((
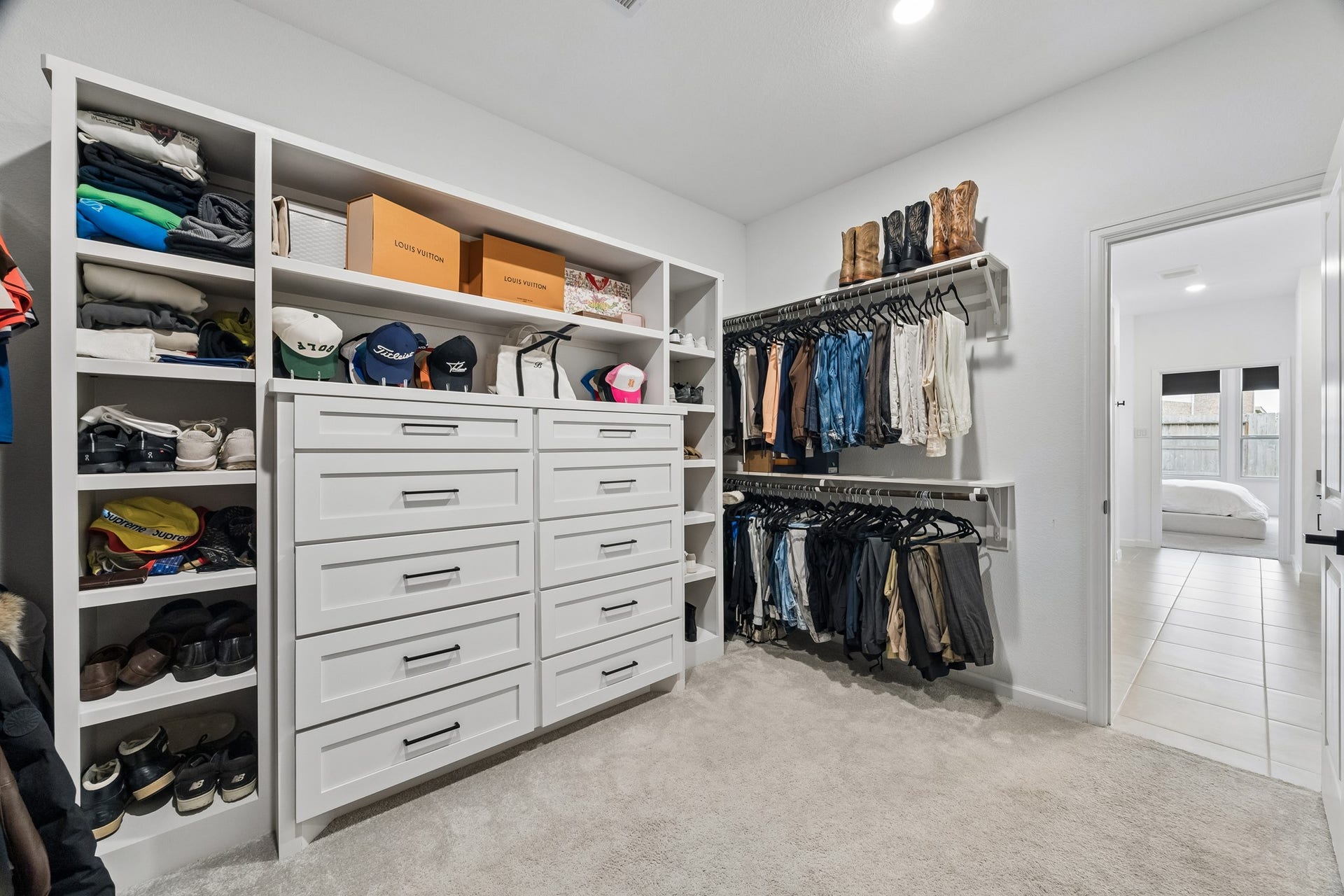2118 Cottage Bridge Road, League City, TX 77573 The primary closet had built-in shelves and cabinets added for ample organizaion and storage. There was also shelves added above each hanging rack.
))
((
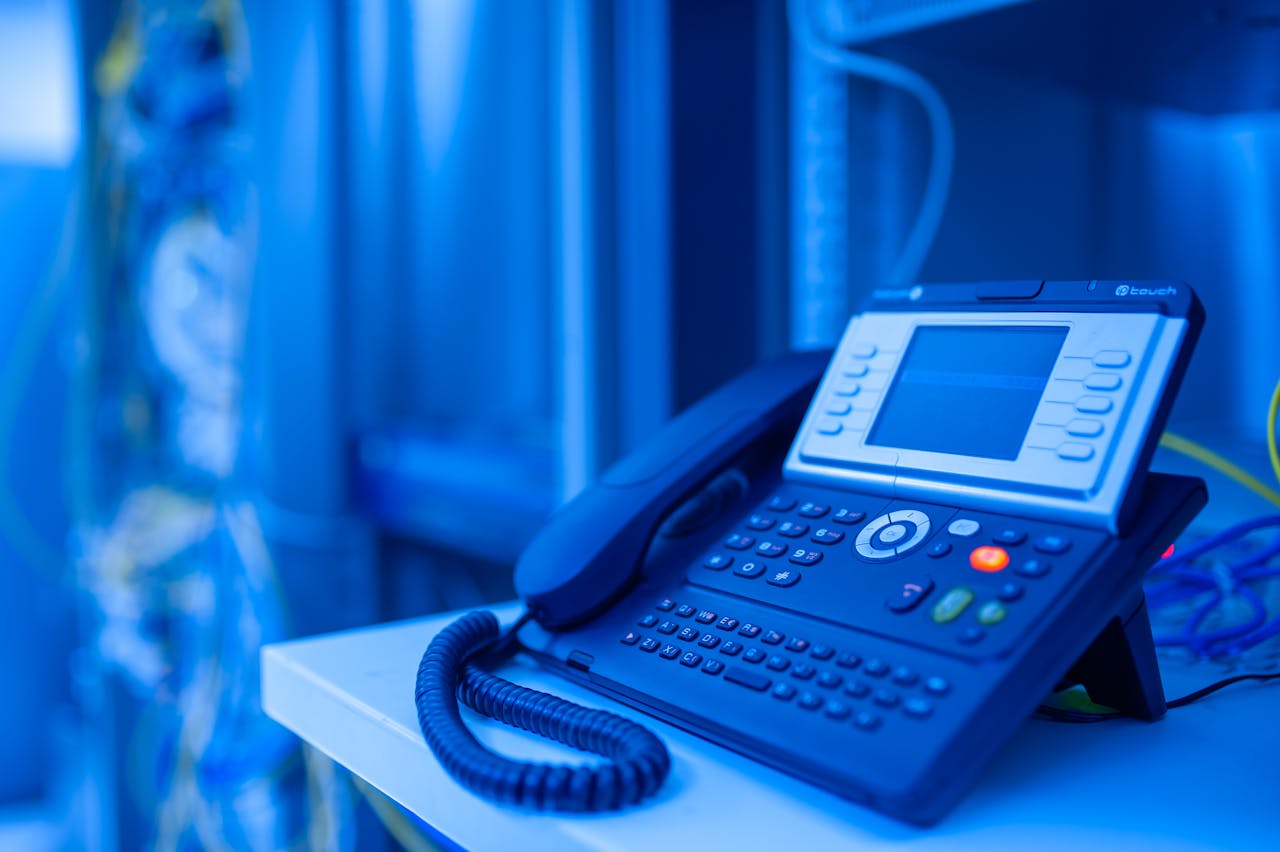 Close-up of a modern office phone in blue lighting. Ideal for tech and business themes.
))
((
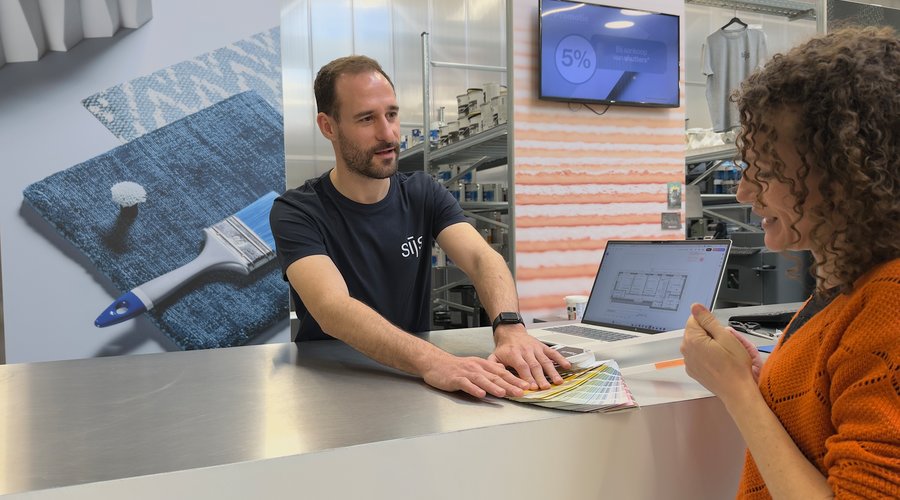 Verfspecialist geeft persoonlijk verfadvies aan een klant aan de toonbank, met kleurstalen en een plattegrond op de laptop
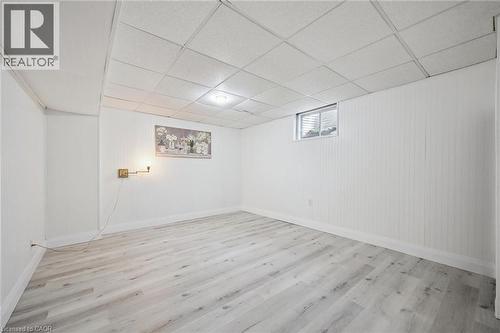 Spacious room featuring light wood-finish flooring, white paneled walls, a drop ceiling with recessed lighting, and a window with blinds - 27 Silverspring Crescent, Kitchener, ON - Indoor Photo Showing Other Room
))
# EXERCISE GOAL:
Reproduce, word for word, everything in the listing above from the line containing "Verfspecialist geeft persoonlijk" down to the line containing "Spacious room featuring", both of them included. No pictures.

# RESULT OF THE EXERCISE:
 Verfspecialist geeft persoonlijk verfadvies aan een klant aan de toonbank, met kleurstalen en een plattegrond op de laptop
 Spacious room featuring light wood-finish flooring, white paneled walls, a drop ceiling with recessed lighting, and a window with blinds - 27 Silverspring Crescent, Kitchener, ON - Indoor Photo Showing Other Room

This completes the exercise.